*** Records for processing Section Begins ***

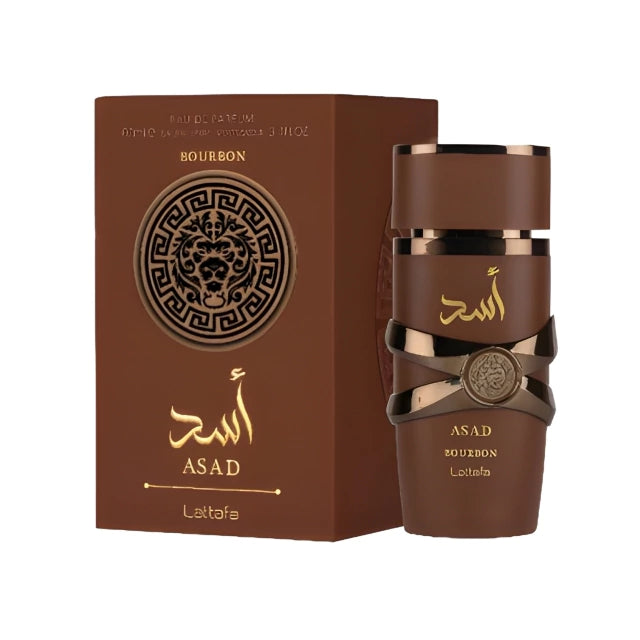 Asad Bourbon Lattafa Perfume Masculino 100ml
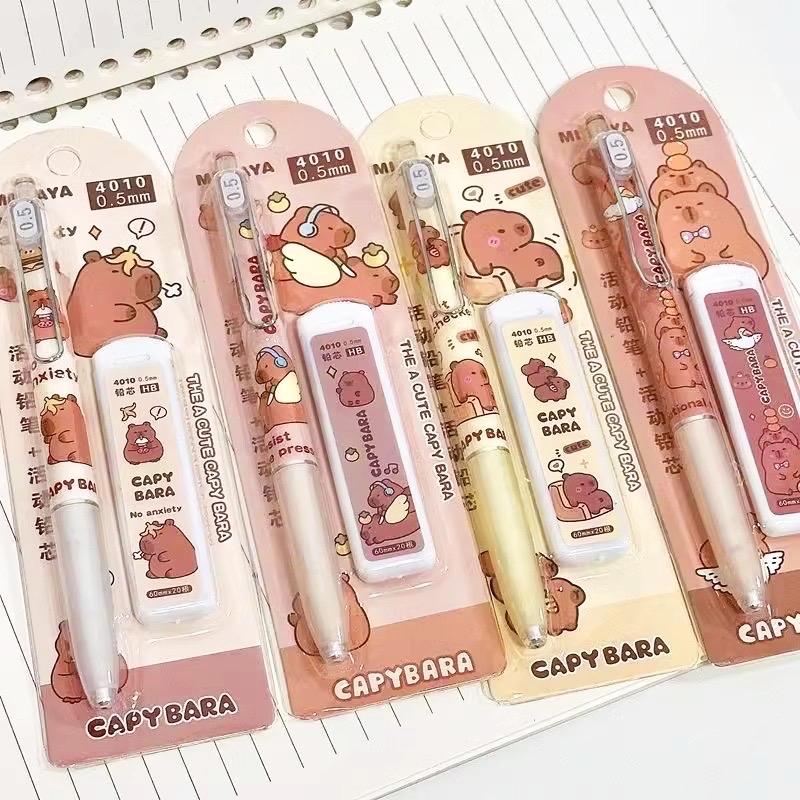 Set bút chì bấm kim kèm ngòi ruột thay 0.5mm-duoc-ban-tai-Sin Sin Shop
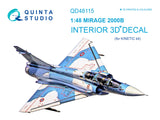 Quinta Studio Mirage 2000 B Interior 3D Decal for Kinetic QD48115-1/48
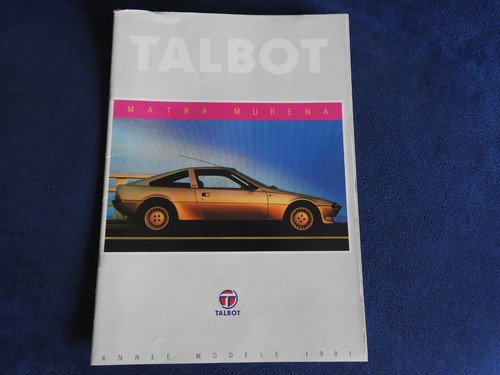 Catalogue talbot matra murena - catalogue,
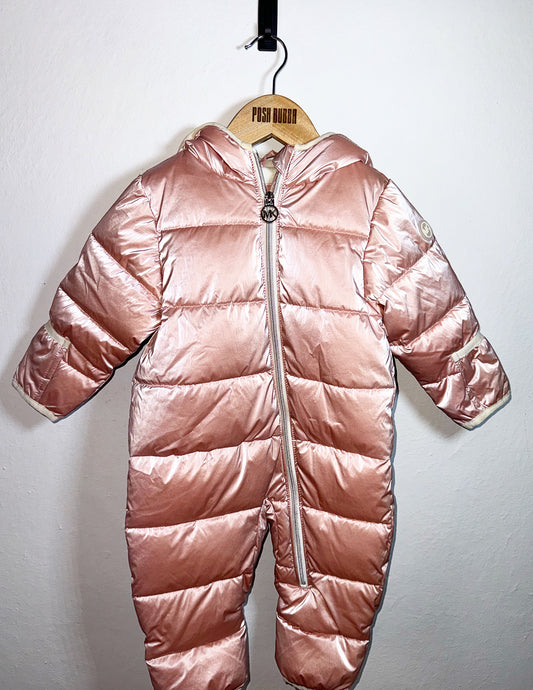 Michael Kors Rose Metallic Snowsuit 0-6m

*** Records for processing Section Ends ***

Retype the data above in full, exactly as it stands, and skip any image.

 Asad Bourbon Lattafa Perfume Masculino 100ml
 Set bút chì bấm kim kèm ngòi ruột thay 0.5mm-duoc-ban-tai-Sin Sin Shop
 Quinta Studio Mirage 2000 B Interior 3D Decal for Kinetic QD48115-1/48
 Catalogue talbot matra murena - catalogue,
 Michael Kors Rose Metallic Snowsuit 0-6m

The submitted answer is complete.